This afternoon I went to the Museum of Modern Art in New York to see the special exhibition of
Marina Abramović: The Artist Is Present (additional information available at http://www.moma.org/visit/calendar/exhibitions/965 ). Commentary on artwork below (spoiler warning).
One of the interesting
pieces was
a live demonstration of 2 models posed face-to-face in a doorway between exhibit halls, so that the museum attendees squeezed between them to get to the next exhibit. There was a second doorway about 60' away, so it was possible to get to the next exhibit without walking between them, but after watching a few people slide between them and into the next room, it seemed strange to walk around. One model was female and the other was male, both in good physical condition. The most interesting aspects were that 1) when you walked between them, it turned out that there was an
unorchestrated crowd gathered on the other side to watch your reaction as you did so - you, as the walker, became part of the art for the audience, 2) there was a video playing on the other side of the doorway showing people walking through a similar live-nude-doorway at a prior exhibition, so it felt a bit like you were part of a movie, and 3) all of the people who walked through the doorway (both male and female) turned to face the female model as they did so. Are we as a society just more comfortable with nude women? I didn't consciously consider which way I faced as I walked through, but my charming male companion absolutely considered it and decided he'd rather look at a nude woman than a man. As it turned out, I looked at the exhibit hall ahead and tried not to bump either model with my bag, and he looked at his feet because he became concerned about stepping on their bare toes.
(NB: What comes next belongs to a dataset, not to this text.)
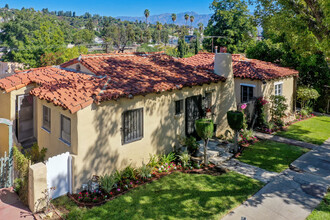 Alhambra Cottages in Los Angeles, CA - Building Photo - Building Photo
Image courtesy of NYpost.comThere was also an interesting piece that had a live nude woman on a ledge at about table height, lying on her back with a
faux skeleton lying on top of her, facing up. As she breathed the skeleton moved up and down. The commentary on the piece explained that
Abramović thought the piece brought the model closer to understanding of and comfort with her own death. I'd buy that. It was a very intriguing mix of morbidity and sensuality; limbs entwined but bare of flesh, the model's youth and softness contrasted with the bone, and the entire sculpture moving together. The model was both smothered by and embracing the skeleton, and it was beautiful.
Abramović's commentary on the impact on the model resonated with me because in the art that I have created with Blair where we draw the poems onto the model's body, I have tried to be careful with how the model is impacted by the process. I have found greater artistic success when the writing resonates with the model, and greater personal reward when the model feels enriched by the experience. I haven't tried many poems for that project that aren't sensual or playful - forcing a model to confront or embrace death may be a little extreme at this point, but it would be interesting to emotionally stretch the art a bit and see where it leads. My recent work has been heavier and longer than previous writing, so it may be a ripe opportunity for that.
Finally,
Abramović herself was part of the exhibit. This was not surprising, since the exhibit was a chronology focusing on her expression, body, experiences, values, etc. She seems to have done a lot of pushing-physical-limits and exhibitionism for the sake of (under the guise of?) artwork. In the piece at
MOMA she sits motionless at a table in the center of a hall under bright lights, and audience members can join her at the table, and also sit motionless and stare back at her. The people we saw participate in the art were all young women. Granted, we weren't there watching consistently, but we wondered what the %s look like.
C'est tout for now. I'm learning 2-minute italian in the car: arrivederchi.